In July 2016, in the case of The Christian Institute and The Lord Advocate (Scotland), five UK Supreme Court judges unanimously struck down the central provisions of the scheme.
The Court stated that the data sharing provisions in the Act breached the right to a private and family life under article 8 of the European Convention on Human Rights.
It also ruled that it had to be made clear that any advice offered by a named person is entirely optional.
CARE (Christian Action Research & Education), who was also part of the legal action has called the scheme "creepy".
CARE for Scotland Director, Dr Stuart Weir said: "The writing's been on the wall for the flawed Named Person scheme for some time and today's decision did feel inevitable, although it has been long overdue.
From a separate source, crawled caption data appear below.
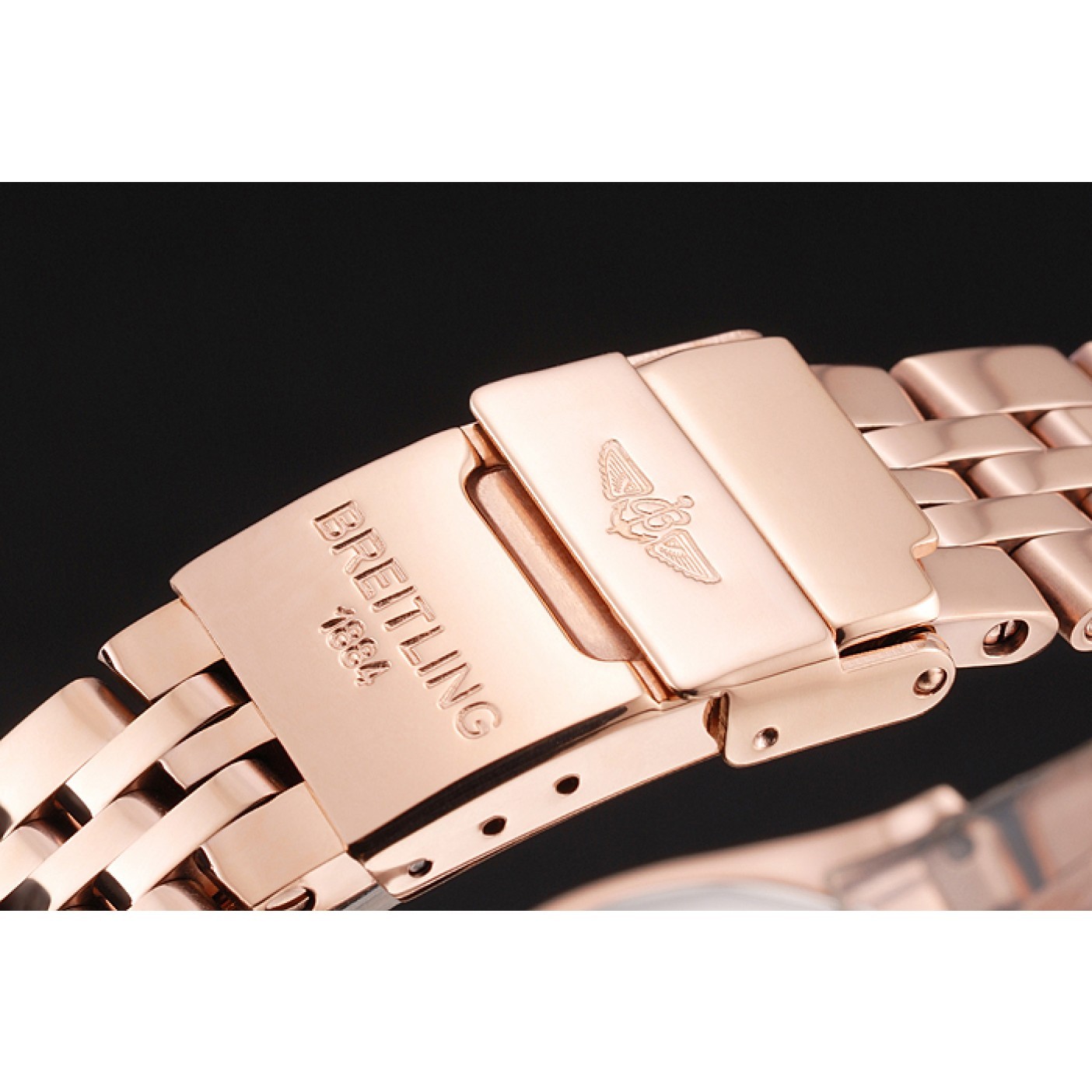 MiroTime Breitling Chronomat Quartz Dark Blue Dial Rose Gold Case And Bracelet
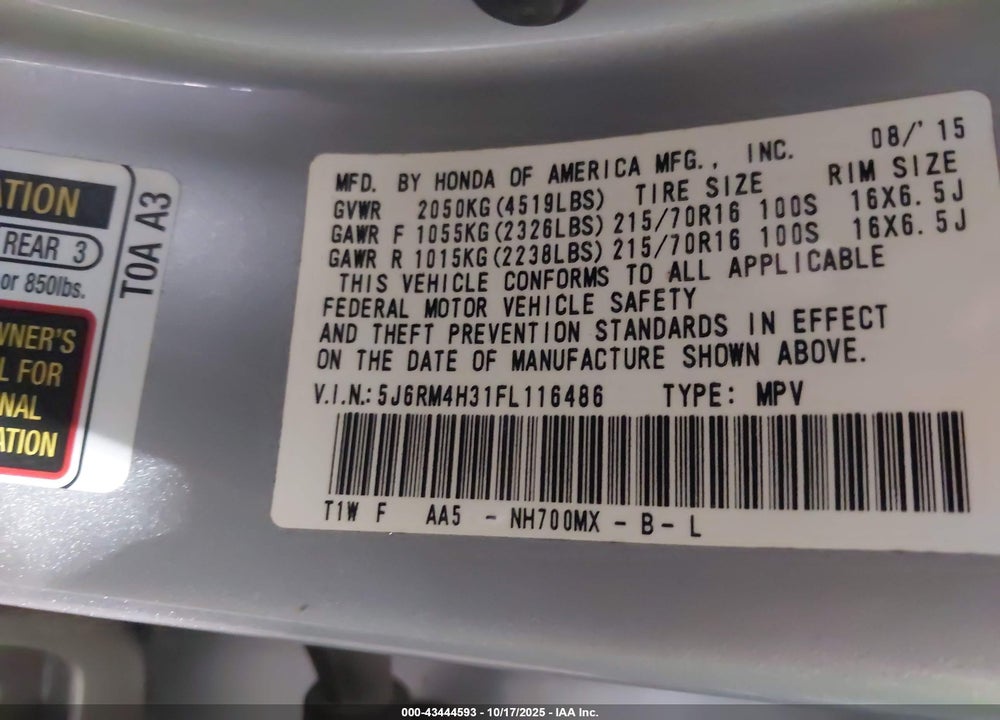 2015 HONDA CR-V LX VIN: 5J6RM4H31FL116486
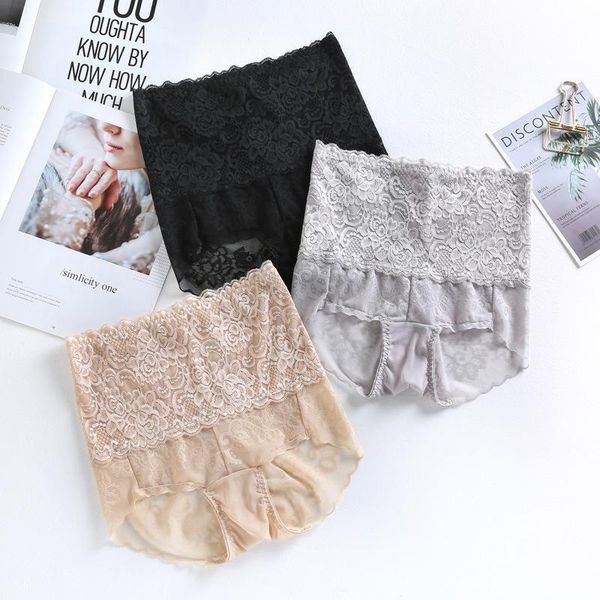 

women's panties 2021 mulberry silk mesh lace briefs ladies breathable belly high waist calcinha feminina braguitas lingerie femme, Black;pink
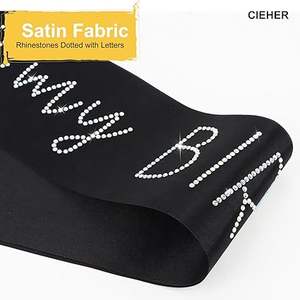 Écharpe d'<span class=keywords><strong>anniversaire</strong></span> noire avec strass, décorations <span class=keywords><strong>pour</strong></span> filles et femmes - Product Image 5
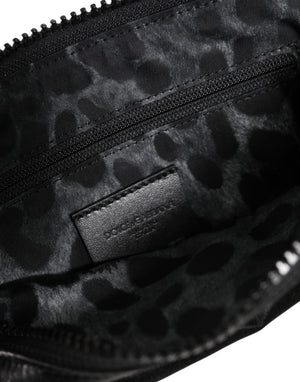 Dolce & Gabbana Black Nylon Logo Plaque Keyring Pouch Clutch Bag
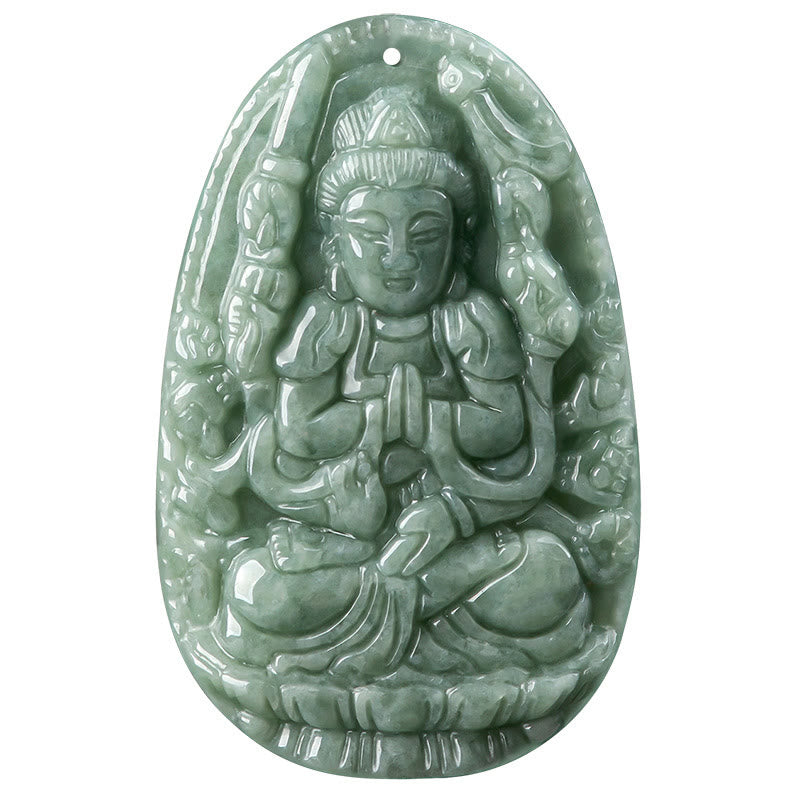 Chinese Zodiac Natal Buddha Natural Jade Wealth Prosperity Necklace Pendant (Extra 30% Off | USE CODE: FS30)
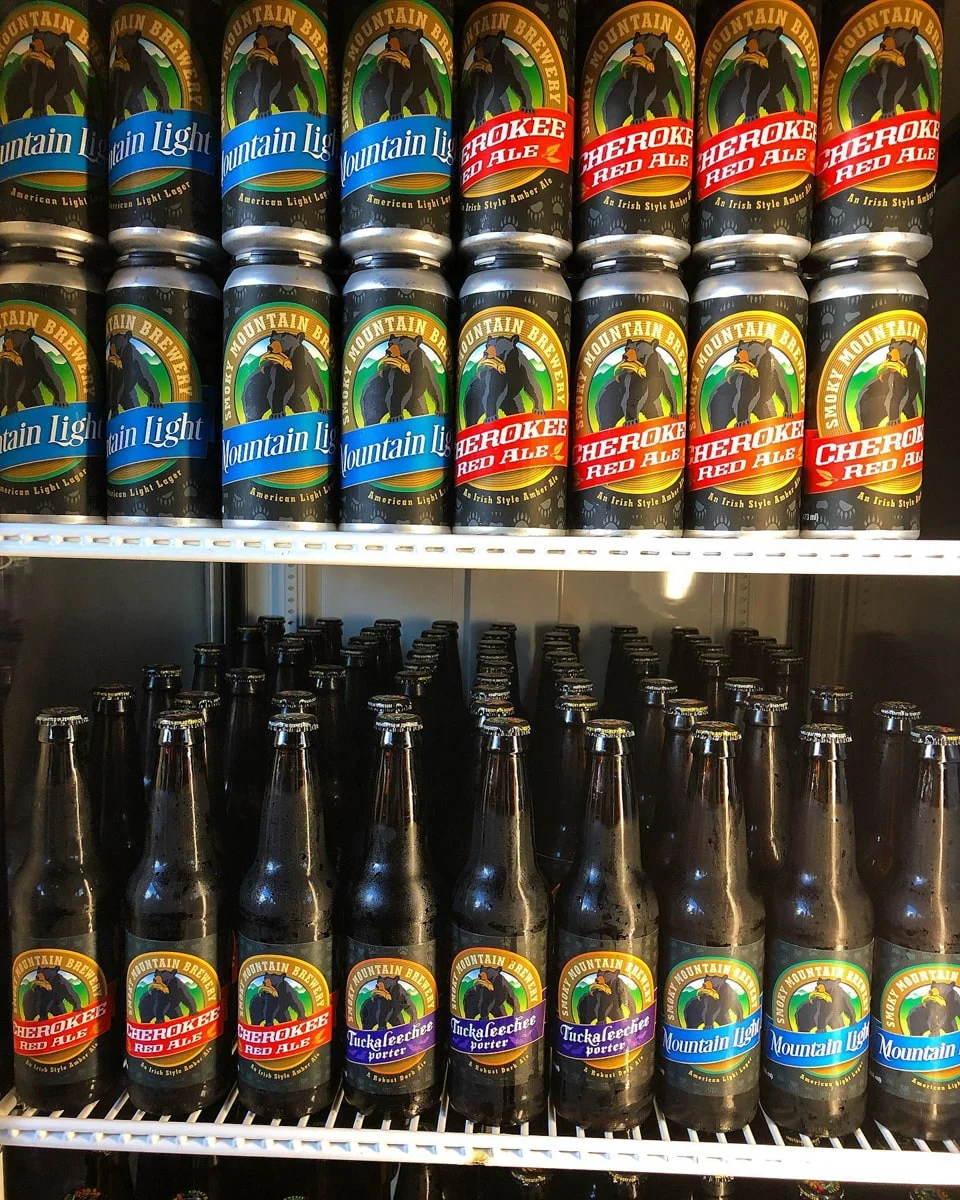 Smoky Mountain Brewery cooler with canned and bottled beers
"We wholeheartedly support measures to protect vulnerable young people, but from the start we have been concerned about the potential for the Named Person scheme to undermine the rights of parents to raise their children in accordance with their values and beliefs."
Simon Calvert, deputy director for the Christian Institute, told Premier the scheme raised concerns for Christians because they were afraid there would be a clash of values.
"Christians in Scotland felt that because they have a value system which is different from that which is held by many people, and which is sometimes regarded as controversial by people who can be hostile to them, there was concern that 'Named Person' might interfere in decisions like taking children to church on a Sunday morning rather than letting Johnny go to football practice as he wanted."
Calvert said the role the government should play when it comes to children is providing education and good social services for families who ask for help, and only intervene when a child is clearly at risk of significant harm.